Segment Start: DATA EXCERPTS

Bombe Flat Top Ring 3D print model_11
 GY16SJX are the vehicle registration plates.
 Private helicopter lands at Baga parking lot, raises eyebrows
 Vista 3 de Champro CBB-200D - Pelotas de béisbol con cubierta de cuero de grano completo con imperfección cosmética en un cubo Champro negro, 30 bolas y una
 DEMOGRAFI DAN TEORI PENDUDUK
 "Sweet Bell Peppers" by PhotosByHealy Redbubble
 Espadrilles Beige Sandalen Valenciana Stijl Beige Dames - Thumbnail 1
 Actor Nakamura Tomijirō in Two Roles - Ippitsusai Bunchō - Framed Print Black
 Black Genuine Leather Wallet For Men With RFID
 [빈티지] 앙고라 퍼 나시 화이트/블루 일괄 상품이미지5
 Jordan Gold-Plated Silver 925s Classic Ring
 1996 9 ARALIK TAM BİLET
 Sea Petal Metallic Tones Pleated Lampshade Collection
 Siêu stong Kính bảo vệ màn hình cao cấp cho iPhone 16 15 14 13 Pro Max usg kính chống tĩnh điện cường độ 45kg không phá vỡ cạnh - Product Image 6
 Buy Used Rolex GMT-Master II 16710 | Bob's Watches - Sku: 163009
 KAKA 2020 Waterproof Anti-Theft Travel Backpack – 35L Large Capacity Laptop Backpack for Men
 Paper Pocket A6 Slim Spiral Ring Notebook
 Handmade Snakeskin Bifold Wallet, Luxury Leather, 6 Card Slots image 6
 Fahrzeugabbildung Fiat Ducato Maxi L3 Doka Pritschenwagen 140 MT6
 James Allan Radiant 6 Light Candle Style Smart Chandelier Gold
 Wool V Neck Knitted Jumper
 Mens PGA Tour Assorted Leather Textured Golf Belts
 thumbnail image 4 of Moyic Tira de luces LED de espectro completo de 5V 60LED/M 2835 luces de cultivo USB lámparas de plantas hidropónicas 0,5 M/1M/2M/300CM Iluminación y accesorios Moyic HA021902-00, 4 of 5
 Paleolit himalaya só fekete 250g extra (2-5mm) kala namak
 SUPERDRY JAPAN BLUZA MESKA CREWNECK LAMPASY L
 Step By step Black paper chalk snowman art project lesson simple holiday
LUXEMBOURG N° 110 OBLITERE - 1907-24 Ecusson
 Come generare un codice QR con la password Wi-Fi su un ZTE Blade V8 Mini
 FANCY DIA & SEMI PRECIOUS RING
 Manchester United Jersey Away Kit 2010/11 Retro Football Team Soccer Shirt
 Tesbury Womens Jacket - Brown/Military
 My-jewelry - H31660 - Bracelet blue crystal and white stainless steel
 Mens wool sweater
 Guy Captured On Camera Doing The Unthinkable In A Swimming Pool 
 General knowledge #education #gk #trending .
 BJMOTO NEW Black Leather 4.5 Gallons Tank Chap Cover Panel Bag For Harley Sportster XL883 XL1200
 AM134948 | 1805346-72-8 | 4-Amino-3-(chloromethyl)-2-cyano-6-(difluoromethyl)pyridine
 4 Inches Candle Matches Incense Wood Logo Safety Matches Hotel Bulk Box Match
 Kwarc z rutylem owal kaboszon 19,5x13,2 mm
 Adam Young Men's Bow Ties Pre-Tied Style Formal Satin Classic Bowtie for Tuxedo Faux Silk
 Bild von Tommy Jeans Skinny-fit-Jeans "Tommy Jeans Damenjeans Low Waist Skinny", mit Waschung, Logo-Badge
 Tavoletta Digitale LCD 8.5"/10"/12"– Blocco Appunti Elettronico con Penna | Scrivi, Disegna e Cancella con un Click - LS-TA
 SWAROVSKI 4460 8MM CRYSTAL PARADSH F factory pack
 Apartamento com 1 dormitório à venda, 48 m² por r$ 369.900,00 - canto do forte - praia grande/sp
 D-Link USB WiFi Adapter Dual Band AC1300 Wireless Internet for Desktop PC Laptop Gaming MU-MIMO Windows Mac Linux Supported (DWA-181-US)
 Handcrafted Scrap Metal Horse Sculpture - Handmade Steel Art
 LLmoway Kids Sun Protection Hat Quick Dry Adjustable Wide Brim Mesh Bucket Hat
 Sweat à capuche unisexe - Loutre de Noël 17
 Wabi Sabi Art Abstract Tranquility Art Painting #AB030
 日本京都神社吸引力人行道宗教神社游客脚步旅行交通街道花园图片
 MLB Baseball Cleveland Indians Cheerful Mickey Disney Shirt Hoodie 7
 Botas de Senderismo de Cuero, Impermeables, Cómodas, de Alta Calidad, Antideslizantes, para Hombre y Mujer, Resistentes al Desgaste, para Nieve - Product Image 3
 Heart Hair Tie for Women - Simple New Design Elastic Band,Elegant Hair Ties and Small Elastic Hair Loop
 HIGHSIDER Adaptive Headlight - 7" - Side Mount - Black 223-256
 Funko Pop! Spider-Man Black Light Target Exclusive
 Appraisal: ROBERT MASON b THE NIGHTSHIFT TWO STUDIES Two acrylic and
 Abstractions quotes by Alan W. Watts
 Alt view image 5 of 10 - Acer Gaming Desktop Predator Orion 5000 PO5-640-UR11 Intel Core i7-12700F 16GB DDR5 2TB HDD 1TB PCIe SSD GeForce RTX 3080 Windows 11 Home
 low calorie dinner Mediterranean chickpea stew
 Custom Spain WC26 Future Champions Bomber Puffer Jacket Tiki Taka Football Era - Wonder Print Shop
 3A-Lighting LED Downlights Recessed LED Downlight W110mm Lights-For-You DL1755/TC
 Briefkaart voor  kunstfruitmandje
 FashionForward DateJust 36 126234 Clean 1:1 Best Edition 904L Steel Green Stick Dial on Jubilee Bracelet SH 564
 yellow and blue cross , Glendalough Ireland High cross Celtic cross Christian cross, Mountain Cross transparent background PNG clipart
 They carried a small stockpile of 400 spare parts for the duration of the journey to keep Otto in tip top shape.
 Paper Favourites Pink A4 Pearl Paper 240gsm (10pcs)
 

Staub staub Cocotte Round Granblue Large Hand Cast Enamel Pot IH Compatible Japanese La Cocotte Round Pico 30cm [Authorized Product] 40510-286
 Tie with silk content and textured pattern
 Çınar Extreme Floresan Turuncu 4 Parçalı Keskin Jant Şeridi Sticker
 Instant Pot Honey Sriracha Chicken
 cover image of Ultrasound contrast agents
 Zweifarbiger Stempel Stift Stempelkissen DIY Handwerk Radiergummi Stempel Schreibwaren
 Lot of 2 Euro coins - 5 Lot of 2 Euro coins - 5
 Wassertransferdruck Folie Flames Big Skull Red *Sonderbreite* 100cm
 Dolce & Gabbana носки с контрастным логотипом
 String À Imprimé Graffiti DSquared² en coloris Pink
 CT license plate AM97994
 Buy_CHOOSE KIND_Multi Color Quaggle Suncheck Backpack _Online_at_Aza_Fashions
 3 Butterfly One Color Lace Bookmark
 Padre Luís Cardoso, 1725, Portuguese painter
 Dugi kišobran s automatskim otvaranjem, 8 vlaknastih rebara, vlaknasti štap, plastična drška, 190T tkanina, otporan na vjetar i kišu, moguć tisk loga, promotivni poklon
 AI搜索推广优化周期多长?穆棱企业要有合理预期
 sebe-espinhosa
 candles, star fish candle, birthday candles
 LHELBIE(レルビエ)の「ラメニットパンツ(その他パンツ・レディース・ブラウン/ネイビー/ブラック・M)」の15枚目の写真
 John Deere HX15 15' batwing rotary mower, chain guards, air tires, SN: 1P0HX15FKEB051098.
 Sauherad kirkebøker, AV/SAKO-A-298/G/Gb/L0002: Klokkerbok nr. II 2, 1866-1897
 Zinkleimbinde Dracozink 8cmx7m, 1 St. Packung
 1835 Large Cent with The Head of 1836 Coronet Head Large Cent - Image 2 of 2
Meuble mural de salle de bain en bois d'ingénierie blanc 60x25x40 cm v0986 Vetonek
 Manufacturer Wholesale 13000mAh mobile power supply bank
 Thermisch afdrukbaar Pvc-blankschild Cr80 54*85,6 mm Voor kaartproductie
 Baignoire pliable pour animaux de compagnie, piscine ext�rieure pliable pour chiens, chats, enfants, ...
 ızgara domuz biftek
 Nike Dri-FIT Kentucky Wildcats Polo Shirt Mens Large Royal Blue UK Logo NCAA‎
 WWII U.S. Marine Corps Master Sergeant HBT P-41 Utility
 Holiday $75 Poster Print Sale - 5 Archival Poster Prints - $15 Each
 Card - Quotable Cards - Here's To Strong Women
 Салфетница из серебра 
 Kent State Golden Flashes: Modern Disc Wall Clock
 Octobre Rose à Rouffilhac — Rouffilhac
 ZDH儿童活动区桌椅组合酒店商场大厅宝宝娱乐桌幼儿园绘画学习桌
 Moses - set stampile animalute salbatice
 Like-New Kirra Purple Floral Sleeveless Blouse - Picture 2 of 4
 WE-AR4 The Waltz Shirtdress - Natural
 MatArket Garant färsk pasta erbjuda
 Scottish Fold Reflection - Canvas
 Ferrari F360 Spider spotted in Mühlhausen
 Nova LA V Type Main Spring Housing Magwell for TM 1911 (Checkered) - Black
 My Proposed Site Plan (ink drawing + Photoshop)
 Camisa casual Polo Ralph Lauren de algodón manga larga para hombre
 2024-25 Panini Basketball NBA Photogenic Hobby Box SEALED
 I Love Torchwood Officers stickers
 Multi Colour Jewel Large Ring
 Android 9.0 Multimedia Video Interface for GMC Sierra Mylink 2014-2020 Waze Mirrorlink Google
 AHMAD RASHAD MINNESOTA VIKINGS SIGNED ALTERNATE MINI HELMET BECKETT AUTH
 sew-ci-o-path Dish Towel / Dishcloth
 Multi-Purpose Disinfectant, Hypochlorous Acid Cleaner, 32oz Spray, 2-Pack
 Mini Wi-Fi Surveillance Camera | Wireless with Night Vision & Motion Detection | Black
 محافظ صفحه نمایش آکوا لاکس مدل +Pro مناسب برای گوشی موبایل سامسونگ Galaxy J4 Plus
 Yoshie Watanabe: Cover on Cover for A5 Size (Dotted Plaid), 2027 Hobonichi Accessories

Segment End: DATA EXCERPTS

_TASK PROMPT_. Retype every line of the listing, word for word, from its opening line to the line that holds "Wool V Neck Knitted Jumper", and include that last line too.

_RESPONSE BOX_.
Bombe Flat Top Ring 3D print model_11
 GY16SJX are the vehicle registration plates.
 Private helicopter lands at Baga parking lot, raises eyebrows
 Vista 3 de Champro CBB-200D - Pelotas de béisbol con cubierta de cuero de grano completo con imperfección cosmética en un cubo Champro negro, 30 bolas y una
 DEMOGRAFI DAN TEORI PENDUDUK
 "Sweet Bell Peppers" by PhotosByHealy Redbubble
 Espadrilles Beige Sandalen Valenciana Stijl Beige Dames - Thumbnail 1
 Actor Nakamura Tomijirō in Two Roles - Ippitsusai Bunchō - Framed Print Black
 Black Genuine Leather Wallet For Men With RFID
 [빈티지] 앙고라 퍼 나시 화이트/블루 일괄 상품이미지5
 Jordan Gold-Plated Silver 925s Classic Ring
 1996 9 ARALIK TAM BİLET
 Sea Petal Metallic Tones Pleated Lampshade Collection
 Siêu stong Kính bảo vệ màn hình cao cấp cho iPhone 16 15 14 13 Pro Max usg kính chống tĩnh điện cường độ 45kg không phá vỡ cạnh - Product Image 6
 Buy Used Rolex GMT-Master II 16710 | Bob's Watches - Sku: 163009
 KAKA 2020 Waterproof Anti-Theft Travel Backpack – 35L Large Capacity Laptop Backpack for Men
 Paper Pocket A6 Slim Spiral Ring Notebook
 Handmade Snakeskin Bifold Wallet, Luxury Leather, 6 Card Slots image 6
 Fahrzeugabbildung Fiat Ducato Maxi L3 Doka Pritschenwagen 140 MT6
 James Allan Radiant 6 Light Candle Style Smart Chandelier Gold
 Wool V Neck Knitted Jumper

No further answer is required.